One way I've "removed" parts of prints is by cutting the image into "ribbons", and then cutting those into smaller chunks...making am 8x10 inch priunt into half-inch tall ribbons, then cutting those into half-inch wide chunks...makes LOTS of little blocks. Dry-mount those onto matteboard, but omit sections...

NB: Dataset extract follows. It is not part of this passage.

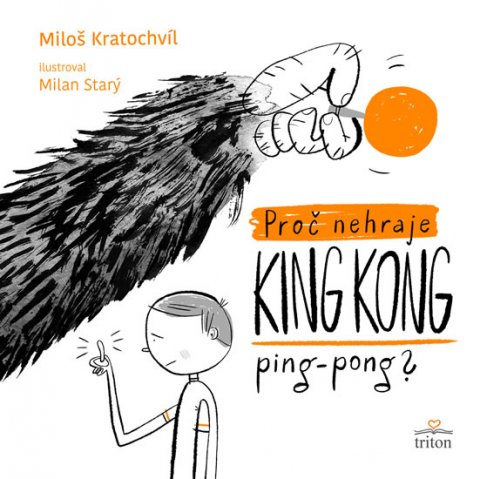 Kratochvíl Miloš: Proč nehraje King Kong ping pong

I've also had some accidental removals on resin-coated paper, where the dry-mount press's ferrotype sheet (that polished-metal plate thingy) melted the RC paper, and left the print with segments of the emulsion layer and top-coating peeled away and stuck to the _ferrotyping tin_ as it was often called. Unpredictable as he((, but, a possibility if you have a hot enough source to melt the RC laytewr and get it to stick...


----------



## Gary A. (Jul 6, 2017)

What do you mean by remove/removal?  With layers you can change the opacity of the entire image or specific areas of the image making them lighter.  Again with layers, you can mask specific areas of the image.  I think for what you want ... it can all be done in Photoshop with layers.


----------



## terri (Jul 6, 2017)

jcdeboever said:


> An inkjet to start on photopaper. Basically, I want to remove the image a little at a time until satisfied.


I'd suggest an inkjet image transfer, using plain old copypaper.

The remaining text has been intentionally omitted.